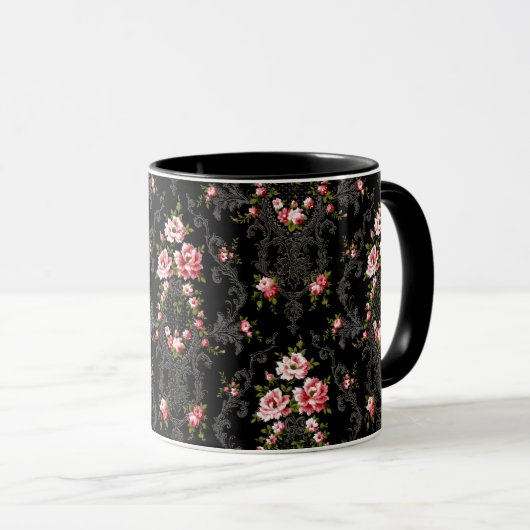 Elegant French Rococo Floral-Black Background Mok (Voorkant rechts)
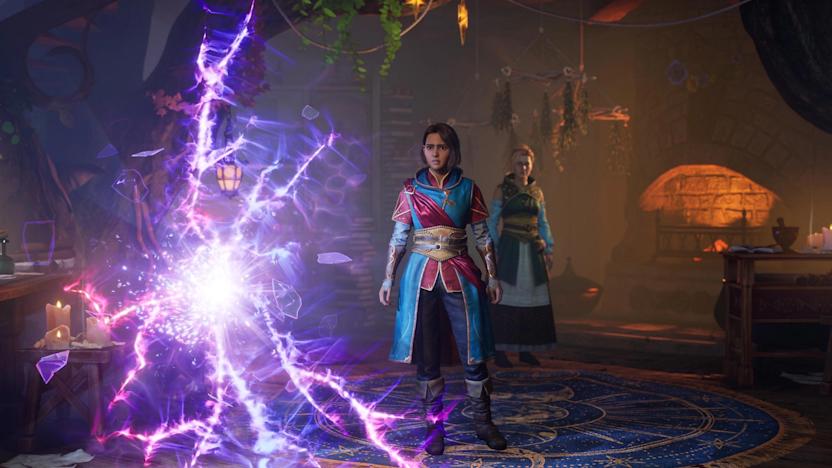 A screenshot of a video game showing two people wearing fantasy clothing.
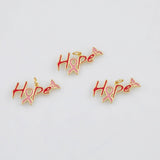18K Gold PVD Breast Cancer Awareness Hope Ribbon 14x28mm s Gold Charms - Tarnish Resistant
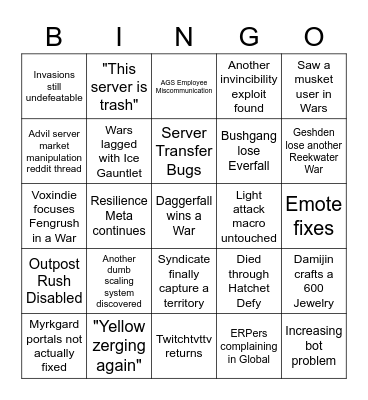 New World Patch 1.0.4 Bingo Card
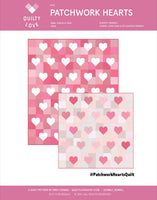 Patchwork Hearts - Throw 54”x63” - Low Volume Hearts on Variety of PINK background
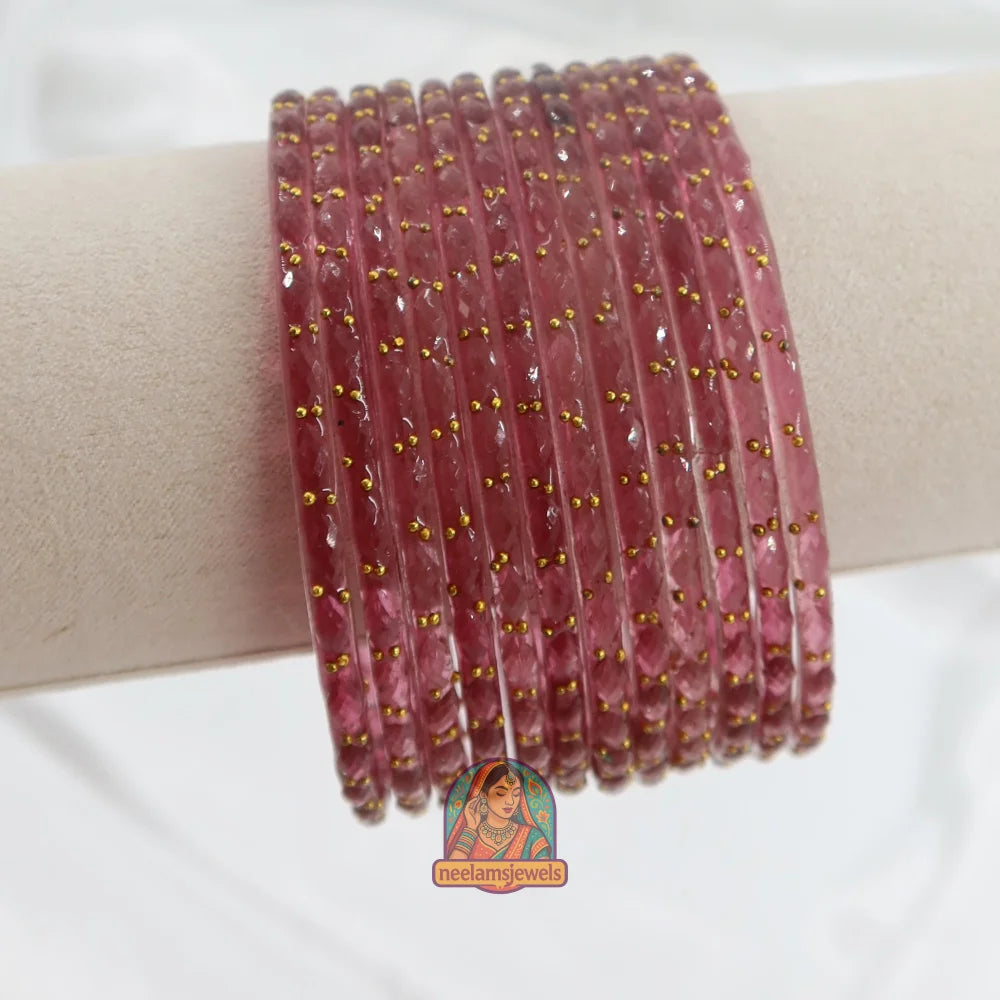 ’Periwinkle’ Crystal Cut Glass Bangle Set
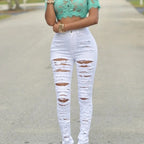 New Designer Denim Women 2025 High Waist Ripped Jeans for Women Skinny Black White Jeans Woman Elastic Slim Jean Female Femme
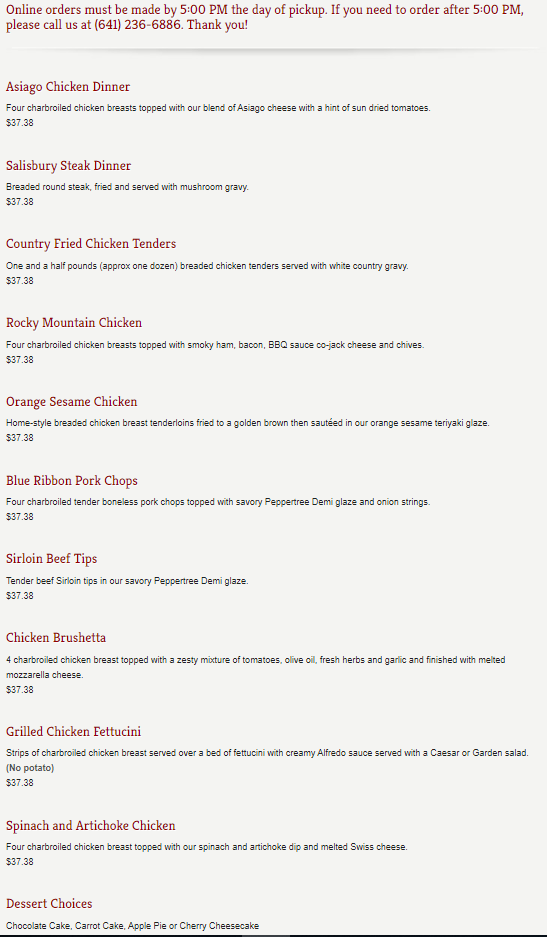 The Peppertree | Depot Crossing Menu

::::::::::

* **TASK STATEMENT**
Output the line containing "A screenshot of" along with every line after it to the end of the material, exactly as written, but without pictures.

* **ANSWER SECTION**
 A screenshot of a video game showing two people wearing fantasy clothing.
18K Gold PVD Breast Cancer Awareness Hope Ribbon 14x28mm s Gold Charms - Tarnish Resistant
 New World Patch 1.0.4 Bingo Card
 Patchwork Hearts - Throw 54”x63” - Low Volume Hearts on Variety of PINK background
 ’Periwinkle’ Crystal Cut Glass Bangle Set
 New Designer Denim Women 2025 High Waist Ripped Jeans for Women Skinny Black White Jeans Woman Elastic Slim Jean Female Femme
 The Peppertree | Depot Crossing Menu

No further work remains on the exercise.